What just happened? Researchers have detailed a proof-of-concept firmware attack that can affect almost every existing Windows and Linux device from virtually all hardware vendors. While the vulnerabilities are believed to have existed in the UEFI software for decades, the attack was only highlighted earlier this week at the Black Hat Security Conference in London.

Named ‘LogoFAIL’ by the researchers who created it, the exploit is said to be very easy to implement, potentially leaving users vulnerable to remote attacks by malicious actors. It is the combination of around two dozen vulnerabilities that were only recently discovered by cybersecurity researchers but are believed to have existed within virtually all UEFI from the major vendors for years.

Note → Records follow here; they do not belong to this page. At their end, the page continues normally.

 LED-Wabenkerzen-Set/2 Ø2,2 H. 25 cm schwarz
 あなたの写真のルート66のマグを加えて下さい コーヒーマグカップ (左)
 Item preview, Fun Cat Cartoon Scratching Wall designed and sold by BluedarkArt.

According to the researchers, LogoFAIL enables attackers to replace the legitimate logos of OEMs with identical malicious images by exploiting a dozen critical vulnerabilities in UEFIs from all three major independent BIOS vendors. The fake logos are specifically designed to exploit the vulnerabilities and allow attackers to execute malicious code remotely at the earliest stage of the device’s boot process, or Driver Execution Environment (DXE).

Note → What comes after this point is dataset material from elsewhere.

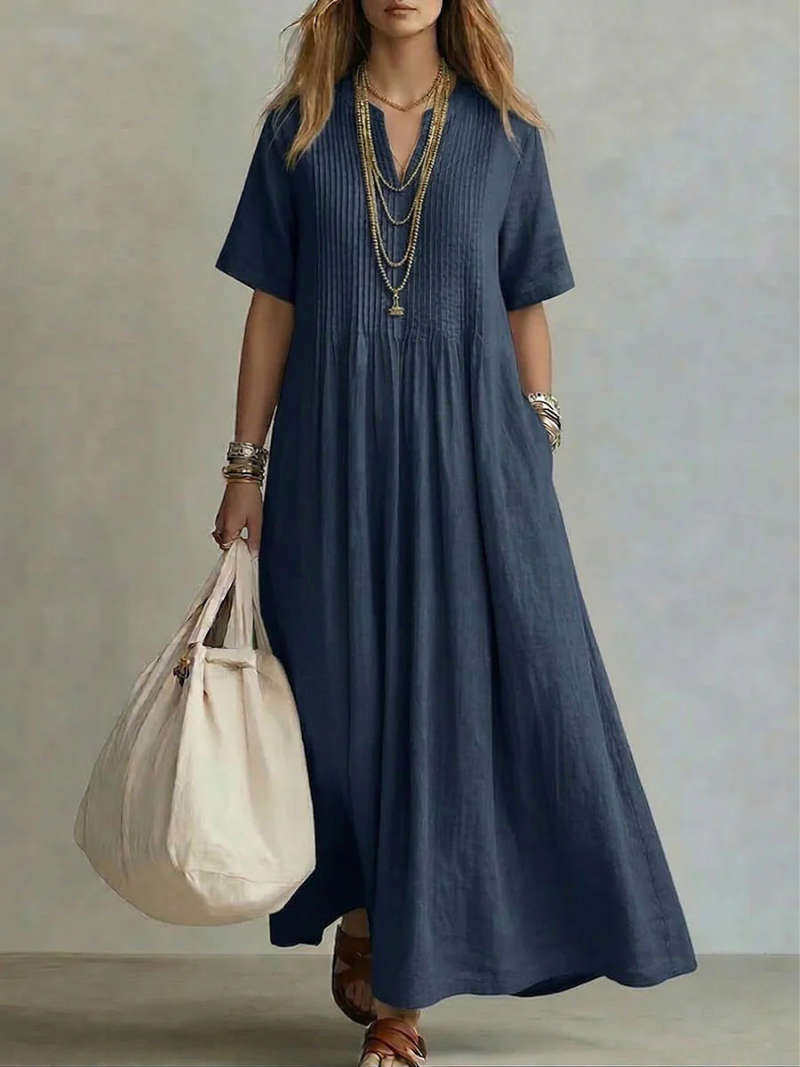 Betsaida - Elegant V-neck Dress With Short Sleeve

Once the arbitrary code is executed, attackers gain “full control over the memory and the disk of the target device, thus including the operating system that will be started.” LogoFAIL will then deliver a second-stage malicious payload even before the OS is booted. Attackers can exploit the vulnerability either by remotely exploiting unpatched bugs in the browser, media player, or other apps on the PC, or by gaining physical access to the device to manually replace the legitimate logo image file with a malicious one.

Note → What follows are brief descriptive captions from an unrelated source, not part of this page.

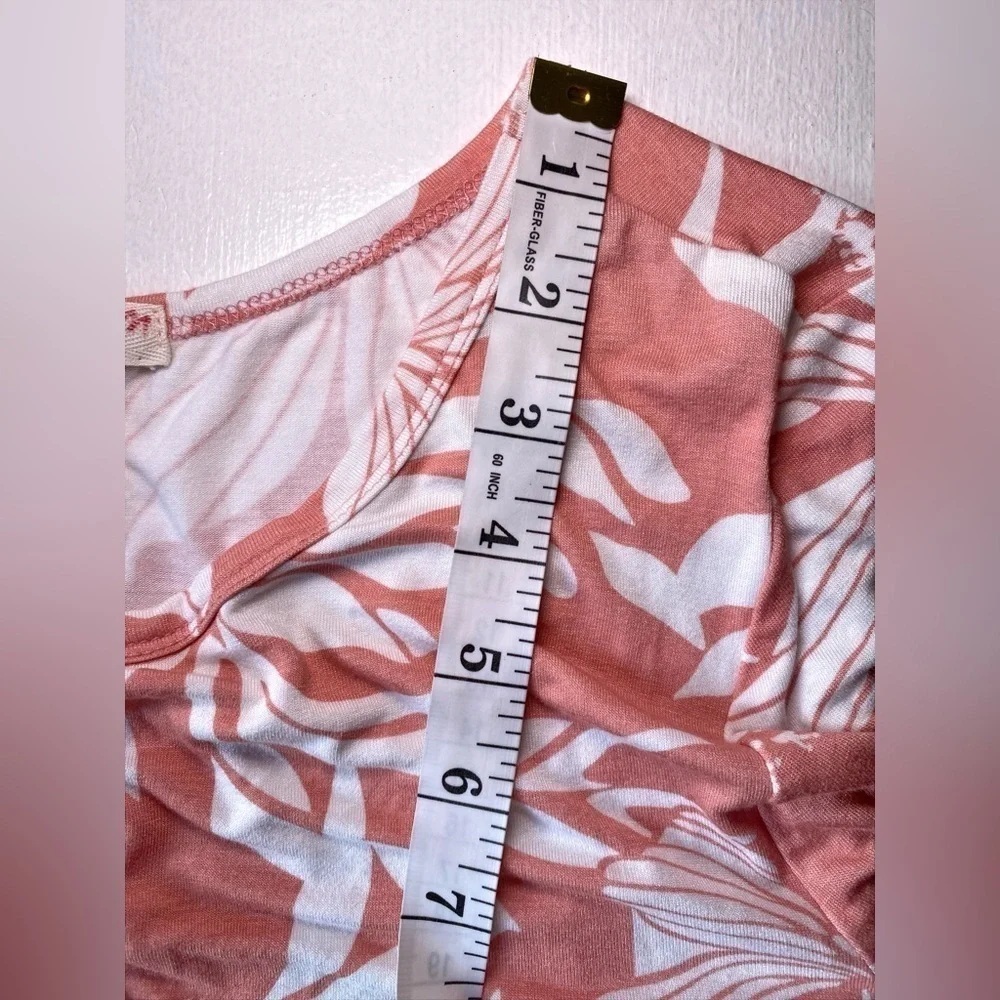 Viamor Peach Floral Short Sleeve Midi Dress with Pockets - Picture 12 of 14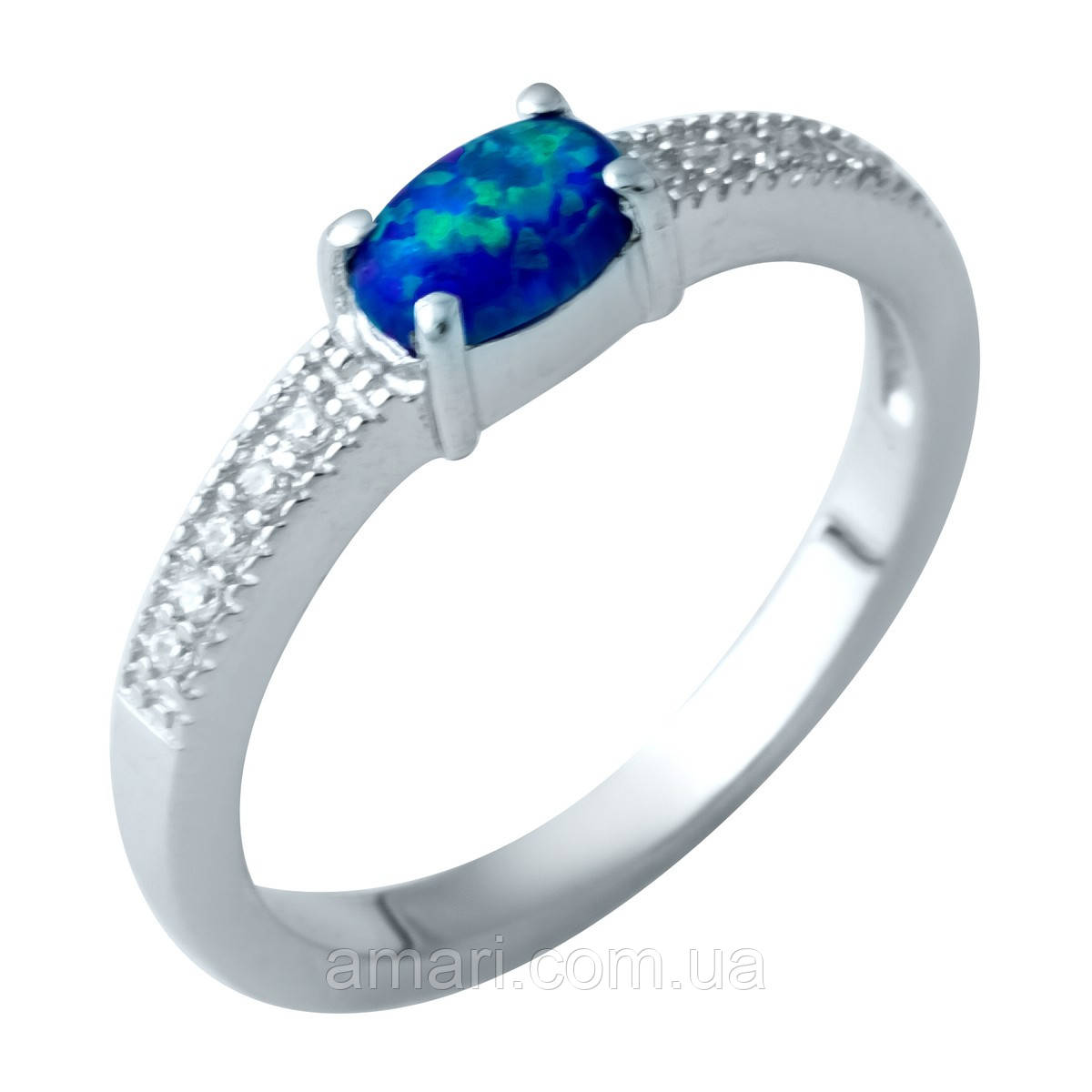 Срібне кільце Komilfo з опалом 0.385ct, фіанітами, вага виробу 2,02 г (1921715) 18 розмір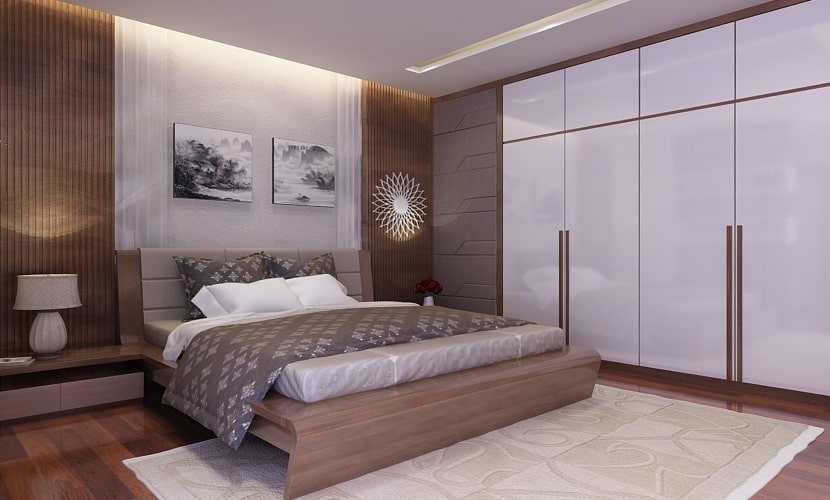 nội thất chung cư bằng gỗ óc chó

The research was carried out by cybersecurity firm Binarly, which says both enterprise and retail consumers are vulnerable to the exploit, which can grant hackers near-complete control over users’ PCs. What makes it so dangerous is that the attack can be remotely executed in some cases by using methods that cannot be detected by traditional security software.

The exploit typically runs during the early stages of the boot process, allowing the hackers to bypass the operating system’s internal defense mechanisms and endpoint security products. As things stand now, no known software or hardware protection can defend against the exploit, whether it is Secure Boot or other similar features specifically designed to protect against bootkit infections.

The discovery is part of a collaborative study carried out by several companies in the x64 and Arm ecosystem, including UEFI suppliers like AMI, Insyde and Phoenix, as well as device makers like Lenovo, Dell and HP. Other major hardware companies like Intel and AMD were also part of the research initiative.